Pawar Priti, Kanyal Deepika, Kadam Abhinav, Khare Shweta
Department of Hospital Administration, Datta Meghe Institute of Higher Education and Research, Wardha, IND.
Department of Medicine, Jawaharlal Nehru Medical College, Datta Meghe Institute of Higher Education and Research, Wardha, IND.
Cureus. 2024 Jul 31;16(7):e65905. doi: 10.7759/cureus.65905. eCollection 2024 Jul.
Neurological complications are observed less frequently with primary Sjögren syndrome (SS). The central nervous system (CNS) has seldom been shown to exhibit symptoms of SS, making the diagnosis of SS with neurological involvement difficult. We present a rare case scenario in which a young 23-year-old male presenting with an acute history of fever, headache, vomiting, altered sensorium, and seizures was admitted and diagnosed as a sub-acute infarct in the right frontal-parietal-temporal lobes on a computed tomography (CT) scan. Upon further examination, laboratory investigations were suggestive of viral encephalitis. The patient was treated accordingly with antiviral drugs, and the patient improved. The patient took "discharge against medical advice" after 12 days, only to return to the hospital with similar complaints within 15 days. Magnetic resonance imaging (MRI) was done, which suggested an acute evolving infarct in the right frontal and parietal lobe, and further evaluation yielded a diagnosis of SS. The patient was treated with high-dose steroids for seven days. A repeat MRI showed new acute infarcts with dilatation of the ventricular system with periventricular ooze. The patient could not be revived and succumbed after one week of steroid therapy.

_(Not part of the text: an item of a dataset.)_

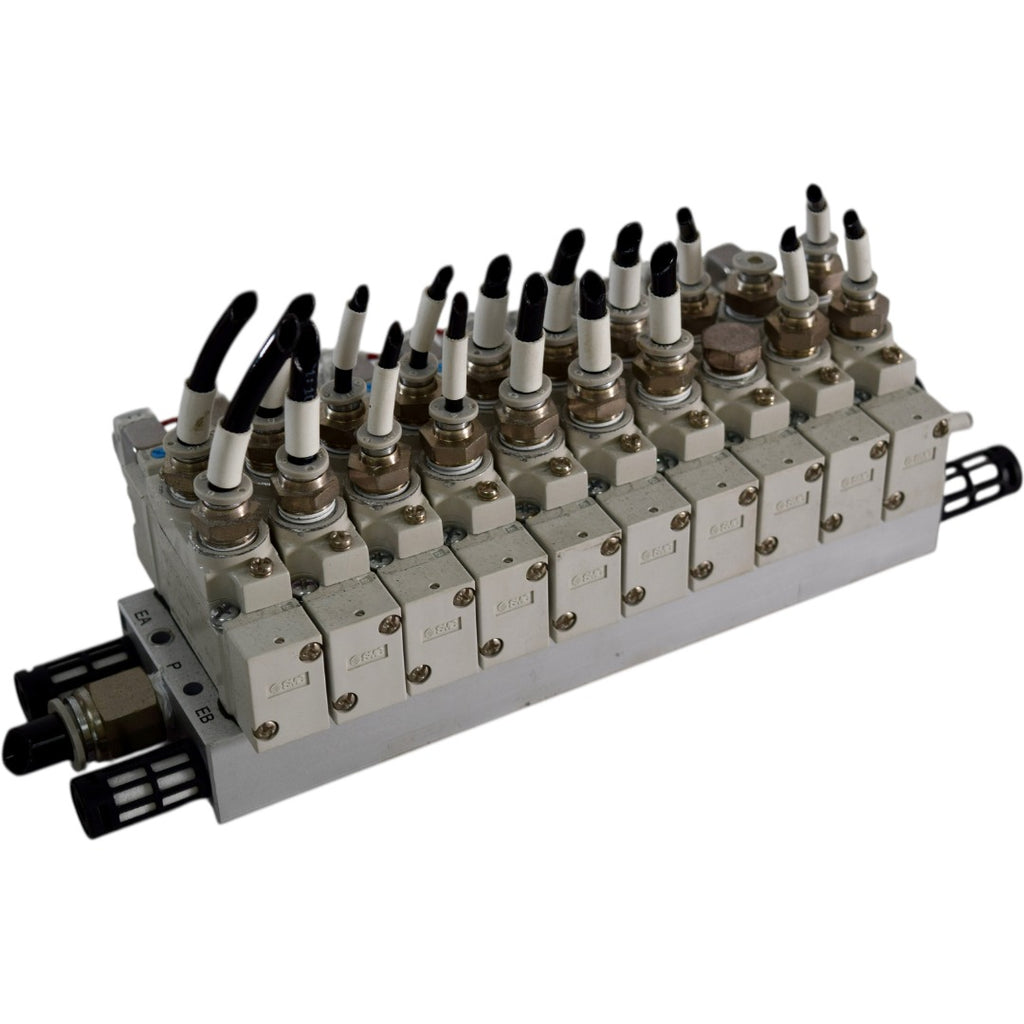 (10) SMC SY7120-5LZD-02 Solenoid Valves w/ Manifold Block Pneumatic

原发性干燥综合征(SS)较少出现神经并发症。中枢神经系统(CNS)很少表现出SS症状,使得诊断伴有神经受累的SS很困难。我们报告一例罕见病例,一名23岁年轻男性,有发热、头痛、呕吐、意识改变和癫痫发作的急性病史,入院后经计算机断层扫描(CT)诊断为右侧额顶颞叶亚急性梗死。进一步检查后,实验室检查提示为病毒性脑炎。患者接受了相应的抗病毒药物治疗,病情有所改善。患者在12天后“自动出院”,但在15天内又因类似症状返回医院。进行了磁共振成像(MRI)检查,提示右侧额叶和顶叶急性进展性梗死,进一步评估后确诊为SS。患者接受了七天的大剂量类固醇治疗。复查MRI显示有新的急性梗死灶,脑室系统扩张伴脑室周围渗出。患者在类固醇治疗一周后未能苏醒并死亡。